• **Assignment**: Take the material below and reproduce, word for word, only the lines from the line with "A. finishing B." through the line with "John Buchan's History".

=====

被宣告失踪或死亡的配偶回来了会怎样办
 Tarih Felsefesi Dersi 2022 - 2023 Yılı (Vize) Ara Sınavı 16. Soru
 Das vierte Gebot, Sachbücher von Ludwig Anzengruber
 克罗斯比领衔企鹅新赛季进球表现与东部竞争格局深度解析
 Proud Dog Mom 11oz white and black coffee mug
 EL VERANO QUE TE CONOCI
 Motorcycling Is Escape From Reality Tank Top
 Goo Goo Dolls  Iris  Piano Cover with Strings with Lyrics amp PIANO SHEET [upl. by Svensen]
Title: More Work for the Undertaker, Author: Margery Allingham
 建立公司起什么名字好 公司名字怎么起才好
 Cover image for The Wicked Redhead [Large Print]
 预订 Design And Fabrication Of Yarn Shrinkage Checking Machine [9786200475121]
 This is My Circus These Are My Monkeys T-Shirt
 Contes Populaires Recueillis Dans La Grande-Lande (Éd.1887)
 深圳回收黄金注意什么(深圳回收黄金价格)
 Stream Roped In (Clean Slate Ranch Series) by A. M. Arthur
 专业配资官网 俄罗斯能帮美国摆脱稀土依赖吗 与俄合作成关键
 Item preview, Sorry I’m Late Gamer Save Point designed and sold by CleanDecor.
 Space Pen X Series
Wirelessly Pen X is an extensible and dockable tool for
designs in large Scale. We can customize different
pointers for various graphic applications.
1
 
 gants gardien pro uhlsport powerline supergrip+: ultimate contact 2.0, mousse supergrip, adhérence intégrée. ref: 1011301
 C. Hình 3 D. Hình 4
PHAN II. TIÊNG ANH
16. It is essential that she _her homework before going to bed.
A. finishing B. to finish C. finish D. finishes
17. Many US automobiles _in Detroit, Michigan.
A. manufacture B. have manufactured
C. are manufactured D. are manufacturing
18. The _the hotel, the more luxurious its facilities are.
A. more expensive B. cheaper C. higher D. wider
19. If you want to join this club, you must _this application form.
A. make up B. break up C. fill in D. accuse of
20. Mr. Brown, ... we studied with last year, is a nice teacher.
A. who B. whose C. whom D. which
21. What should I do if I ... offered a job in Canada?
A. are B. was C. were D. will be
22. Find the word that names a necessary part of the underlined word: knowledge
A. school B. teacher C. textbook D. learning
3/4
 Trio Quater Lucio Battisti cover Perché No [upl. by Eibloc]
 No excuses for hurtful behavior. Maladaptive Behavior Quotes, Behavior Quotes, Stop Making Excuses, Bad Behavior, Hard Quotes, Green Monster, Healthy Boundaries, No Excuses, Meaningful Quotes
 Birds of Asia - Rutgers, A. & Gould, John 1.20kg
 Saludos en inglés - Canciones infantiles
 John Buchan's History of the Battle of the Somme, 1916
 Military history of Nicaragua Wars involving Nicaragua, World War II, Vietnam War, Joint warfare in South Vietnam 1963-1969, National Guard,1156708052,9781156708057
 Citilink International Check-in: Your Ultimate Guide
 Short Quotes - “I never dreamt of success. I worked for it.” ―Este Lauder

=====

• **Task solution**:
A. finishing B. to finish C. finish D. finishes
17. Many US automobiles _in Detroit, Michigan.
A. manufacture B. have manufactured
C. are manufactured D. are manufacturing
18. The _the hotel, the more luxurious its facilities are.
A. more expensive B. cheaper C. higher D. wider
19. If you want to join this club, you must _this application form.
A. make up B. break up C. fill in D. accuse of
20. Mr. Brown, ... we studied with last year, is a nice teacher.
A. who B. whose C. whom D. which
21. What should I do if I ... offered a job in Canada?
A. are B. was C. were D. will be
22. Find the word that names a necessary part of the underlined word: knowledge
A. school B. teacher C. textbook D. learning
3/4
 Trio Quater Lucio Battisti cover Perché No [upl. by Eibloc]
 No excuses for hurtful behavior. Maladaptive Behavior Quotes, Behavior Quotes, Stop Making Excuses, Bad Behavior, Hard Quotes, Green Monster, Healthy Boundaries, No Excuses, Meaningful Quotes
 Birds of Asia - Rutgers, A. & Gould, John 1.20kg
 Saludos en inglés - Canciones infantiles
 John Buchan's History of the Battle of the Somme, 1916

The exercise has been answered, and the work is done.